DECIFR: Domain-Aware Exfiltration of Circuit Information from Federated Gradient Reconstruction

TL;DR

This paper uncovers a vulnerability in federated learning for hardware security, demonstrating how domain-specific knowledge enables reconstruction of sensitive circuit data through a novel attack.

Contribution

It introduces DECIFR, a two-stage membership inference attack that exploits standard cell library layouts to compromise IC training data without auxiliary datasets.

Findings

Reconstructed images reveal membership status based on quality.

The attack achieves high accuracy in distinguishing members from non-members.

Standard FL protocols are vulnerable in domain-specific contexts.

Abstract

Federated Learning (FL) is a promising approach for multiparty collaboration as a privacy-preserving technique in hardware assurance, but its security against adversaries with domain-specific knowledge is underexplored.
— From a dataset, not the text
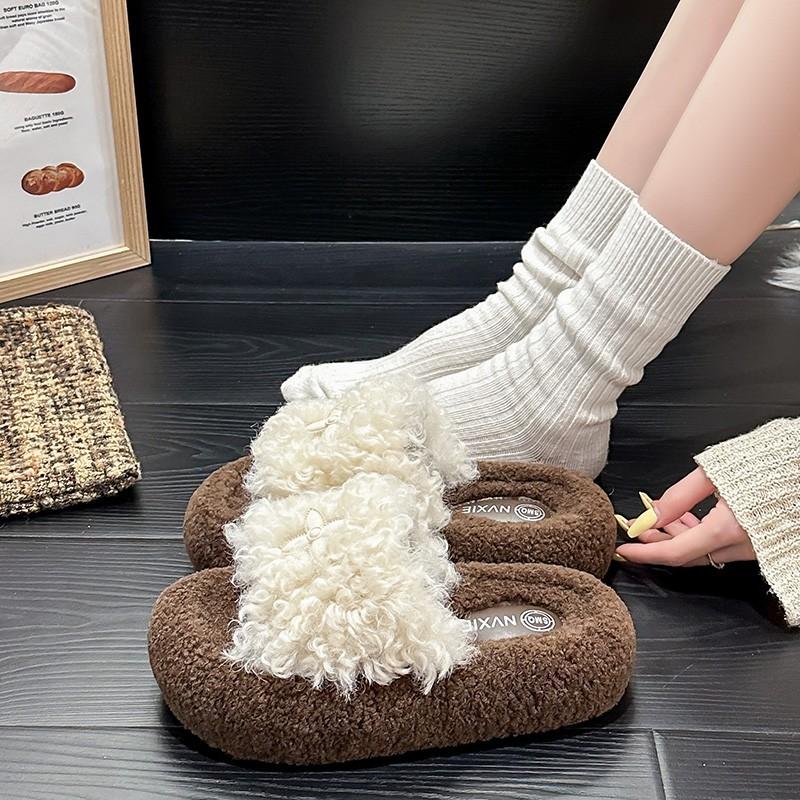 

Fashion Thi Bot Cotton Slippers Women s Home Faionable All-Match Autumn Winter Outdoor Wear Fur Slippers Heel Women s Slippers 35 бежевый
This paper demonstrates a critical vulnerability where available standard cell library layouts (SCLL) can be exploited to compromise the privacy of sensitive integrated circuit (IC) training data. We introduce DECIFR, a novel two-stage Membership Inference Attack (MIA) that requires no auxiliary dataset. The attack employs a guided Gradient Inversion Attack (GIA) to reconstruct a client's training images from intercepted model updates. Our findings reveal that the fidelity of these reconstructions directly correlates with membership status, allowing an adversary to reliably distinguish members from non-members based on image quality. This work exposes a practical threat that overcomes the limitations of conventional attacks and underscores that standard FL protocols are insufficient for securing domains with extensive knowledge. We conclude that robust defenses are essential for the secure application of FL in hardware assurance.